As a lot of folks have said around the ol' Interwebs lately, it's even crazier and less competent than I expected, even given that I expected it to be completely crazy and incompetent. I'll list a few items from this week below, then talk a bit about where I think this is going.
Monday night National Security Adviser Michael Flynn resigned after it became public knowledge that he had been recorded in conversations with the Russian ambassador about easing sanctions imposed that day by President Obama for Russian hacking. During yesterday's press conference Trump said that Flynn had been right to do that. Just as a reminder, yes, is illegal for private citizens to conduct foreign policy discussions on behalf of the United States.
In response the Republicans in Congress mostly announced their intentions not to investigate anything in regard to Russian influence, penetration, or control of the Trump administration, except maybe to see if they can uncover where the leaks confirming that Flynn violated the law came from.
The Watergate-era phrase "What did the President know, and when did he know it," has become very popular this week.
Also on the Russian front this week Russia launched a cruise missile, had fighter planes buzz a US warship, and positioned a spy ship off our Naval shipyard in Connecticut -- all with no response from the Trump administration.
Reports also surfaced Wednesday that the intelligence community is now withholding information from Trump and his administration in the belief that Trump and/or several members of his administration are compromised, and that sensitive information released to the President of the United States and his top staff will leak to the Russian government.
Yesterday Trump offered the now-open job of National Security Adviser to Rear Admiral Robert Harward. He declined the job, apparently unwilling to take it if he could not install his own team and have control over national security policy. Normally that's the definition of the job of the National Security Advisor. It seems that national security really is being controlled by Trump political adviser Steve Bannon, instead.
As far as I know, nobody has ever turned down the offer to be National Security Adviser, which has until now been considered one of the most important roles in our nation.

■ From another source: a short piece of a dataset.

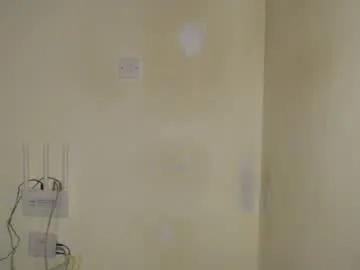 carry_star – webcam model profile photo Image 8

Also yesterday, Trump held a truly loopy press conference. I could type all day about it, but let's just pick a few items:
Trump again lied about the size of his electoral victory, calling it "the Biggest Electoral College win since Reagan." (His 304 electoral votes were more than George W. Bush, but less than George H.W. Bush in 1988 or the totals amassed by Democrats Bill Clinton and Barack Obama.) When pressed by a reporter about the lie he replied, "Well, I don't know, I was given that information. I was given -- I actually, I've seen that information around."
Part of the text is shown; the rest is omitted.